05 November 18, 07:56
Quote:Ahead of the annual Supercomputing 2018 conference next week, Intel is today announcing part of its upcoming Cascade Lake strategy. Following on from its server-focused Xeon Scalable Skylake family, Intel has already pre-announced that Cascade Lake-SP will form the next generation, with a focus on compute and security. Today’s announcement is for a product family to run alongside Cascade Lake-SP, called Cascade Lake-AP, or Cascade-AP for short. Cascade-AP is going to be aimed at ‘advanced performance’. In order to implement this new processor family, Intel is combining multiple chips in the same package.Full reading: https://www.anandtech.com/show/13535/int...cascade-ap
Scaling up to 48-Cores Per CPU
Intel is still keeping a lot of details for Cascade-AP under wraps for now, but what we do know is some high level specifications: Cascade-AP processors will be up to 48 cores, possibly with hyperthreading, and is aimed at dual socket servers, for a total of 96 cores in a 2S system.
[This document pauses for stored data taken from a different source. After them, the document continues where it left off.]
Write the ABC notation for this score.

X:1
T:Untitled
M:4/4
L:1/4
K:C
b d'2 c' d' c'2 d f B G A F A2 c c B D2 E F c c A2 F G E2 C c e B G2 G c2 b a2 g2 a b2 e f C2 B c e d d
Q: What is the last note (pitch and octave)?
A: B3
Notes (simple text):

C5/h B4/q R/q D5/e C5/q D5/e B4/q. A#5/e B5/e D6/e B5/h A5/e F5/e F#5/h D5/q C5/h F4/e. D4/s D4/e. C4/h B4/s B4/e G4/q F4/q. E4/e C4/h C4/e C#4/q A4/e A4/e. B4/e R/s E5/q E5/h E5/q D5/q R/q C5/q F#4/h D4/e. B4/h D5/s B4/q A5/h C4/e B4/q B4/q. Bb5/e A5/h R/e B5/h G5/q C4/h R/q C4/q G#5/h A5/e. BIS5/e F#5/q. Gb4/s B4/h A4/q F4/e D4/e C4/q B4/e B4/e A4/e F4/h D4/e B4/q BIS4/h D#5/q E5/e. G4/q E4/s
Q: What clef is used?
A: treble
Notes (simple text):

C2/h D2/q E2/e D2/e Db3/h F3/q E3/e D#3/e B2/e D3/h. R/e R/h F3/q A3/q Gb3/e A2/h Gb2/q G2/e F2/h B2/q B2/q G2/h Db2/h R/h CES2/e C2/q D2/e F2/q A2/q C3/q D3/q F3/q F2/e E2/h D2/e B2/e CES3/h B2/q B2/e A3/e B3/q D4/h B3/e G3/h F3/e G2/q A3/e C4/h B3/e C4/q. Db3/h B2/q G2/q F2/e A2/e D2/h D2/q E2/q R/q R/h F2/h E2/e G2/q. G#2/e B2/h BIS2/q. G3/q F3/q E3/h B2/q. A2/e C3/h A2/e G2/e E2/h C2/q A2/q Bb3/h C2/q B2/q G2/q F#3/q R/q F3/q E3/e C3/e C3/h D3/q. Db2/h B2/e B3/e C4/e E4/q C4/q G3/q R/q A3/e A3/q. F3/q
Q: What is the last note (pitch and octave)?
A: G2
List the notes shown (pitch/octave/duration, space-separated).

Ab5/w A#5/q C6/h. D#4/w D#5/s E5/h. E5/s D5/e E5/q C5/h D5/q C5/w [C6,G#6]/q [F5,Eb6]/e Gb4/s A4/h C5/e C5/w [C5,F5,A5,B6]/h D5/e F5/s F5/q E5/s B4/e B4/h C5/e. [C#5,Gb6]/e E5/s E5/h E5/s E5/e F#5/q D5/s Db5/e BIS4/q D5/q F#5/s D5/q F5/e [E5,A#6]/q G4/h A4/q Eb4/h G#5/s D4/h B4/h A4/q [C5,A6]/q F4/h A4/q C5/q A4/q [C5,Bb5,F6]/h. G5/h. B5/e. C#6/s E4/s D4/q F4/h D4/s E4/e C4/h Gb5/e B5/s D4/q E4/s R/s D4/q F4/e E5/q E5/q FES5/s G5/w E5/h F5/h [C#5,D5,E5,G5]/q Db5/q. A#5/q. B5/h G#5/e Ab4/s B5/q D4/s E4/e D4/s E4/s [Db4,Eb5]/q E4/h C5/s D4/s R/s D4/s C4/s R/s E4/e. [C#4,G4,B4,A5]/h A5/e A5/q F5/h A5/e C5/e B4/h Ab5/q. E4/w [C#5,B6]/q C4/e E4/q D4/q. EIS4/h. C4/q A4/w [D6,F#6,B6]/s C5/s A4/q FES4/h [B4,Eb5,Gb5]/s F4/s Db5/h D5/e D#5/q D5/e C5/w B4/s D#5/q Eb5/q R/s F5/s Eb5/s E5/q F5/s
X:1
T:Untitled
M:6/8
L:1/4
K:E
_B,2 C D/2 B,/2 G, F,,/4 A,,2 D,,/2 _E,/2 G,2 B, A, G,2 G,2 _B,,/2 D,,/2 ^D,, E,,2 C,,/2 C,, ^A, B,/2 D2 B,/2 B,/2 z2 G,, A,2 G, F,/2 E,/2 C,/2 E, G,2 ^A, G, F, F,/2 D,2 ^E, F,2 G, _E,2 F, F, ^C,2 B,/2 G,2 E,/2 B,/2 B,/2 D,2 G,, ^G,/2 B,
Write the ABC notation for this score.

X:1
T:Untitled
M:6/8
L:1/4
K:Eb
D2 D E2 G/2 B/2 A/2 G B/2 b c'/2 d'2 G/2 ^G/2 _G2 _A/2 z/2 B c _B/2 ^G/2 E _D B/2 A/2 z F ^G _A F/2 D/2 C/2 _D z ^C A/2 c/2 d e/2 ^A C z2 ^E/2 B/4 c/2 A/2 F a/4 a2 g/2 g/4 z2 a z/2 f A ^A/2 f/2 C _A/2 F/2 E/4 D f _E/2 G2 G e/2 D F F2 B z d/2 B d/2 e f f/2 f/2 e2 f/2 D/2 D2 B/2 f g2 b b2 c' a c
As a result, a single Cascade-AP is essentially a 2S Xeon setup on a single chip.
Each Cascade-AP processor will have 12 DDR4 DRAM channels, although maximum capacity of memory has not been announced. Connection between the processors will be the standard UPI connection as seen on current Xeon Scalable processors, although connection speed was not specified. It would appear that Cascade-AP is not designed to scale beyond a 2S system.